A Ring


wedding ring

In a traditional western wedding, rings are exchanged between the groom and his bride. Most people these days consider the wedding ring to be a necessary accessory, to the tune of 11 billion dollars per year in the US alone (here).

Wedding rings actually have a purpose greater than looking nice on a finger and creating a couple’s first mutual debt. Over the months and years of a marriage, each time the couple sees their rings, it’s a reminder of the vows they’ve made to each other. Like writing on a contract, the ring is a visible, tangible symbol of a promise and commitment.

In the Old Testament, the people of Israel were told to mark special occasions and events by constructing a pile of rocks as an altar (Joshua 4:1-7). God told the people to do this as a lasting reminder of God’s promises and power. It was a symbol of God’s vow.

These symbols of promise are very valuable and precious, both to the one making the vow and to the one who is receiving it.

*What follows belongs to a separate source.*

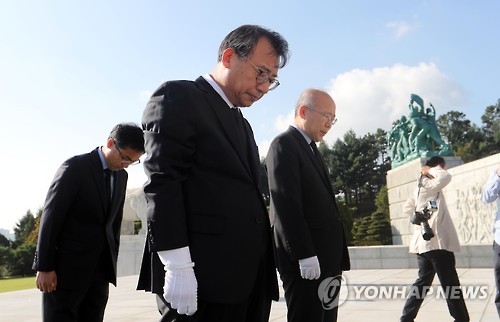 Saenuri Party leader Lee Jung-hyun pays his respect to the three Navy officers who were killed in a chopper crash last month, at the Daejeon National Cemetery in Daejeon, 164 kilometers south of Seoul, on Oct. 6, 2016. (Yonhap)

God the Father has made to His people many great and precious promises (2 Peter 1:4). These promises are bound up in the character and work of Jesus, the Bridegroom of the Church (Revelation 21:2, 9). He has also given us a wedding ring, a symbol of His vows to us.

Ephesians 1:13-14 reads … you were sealed with the Holy Spirit of promise, who is the guarantee of our inheritance … to the praise of His glory. The apostle Paul originally wrote this in the language of the Greeks. In modern Greek the word “guarantee” is arrabona, the word for an engagement or wedding ring.

Jesus filling you with the Holy Spirit of promise is the symbol of His marriage vows to you. He has promised to save you and give you an eternal home in His glory. The abiding presence of the Holy Spirit within you is the symbol of His everlasting commitment to love, honor, and cherish you.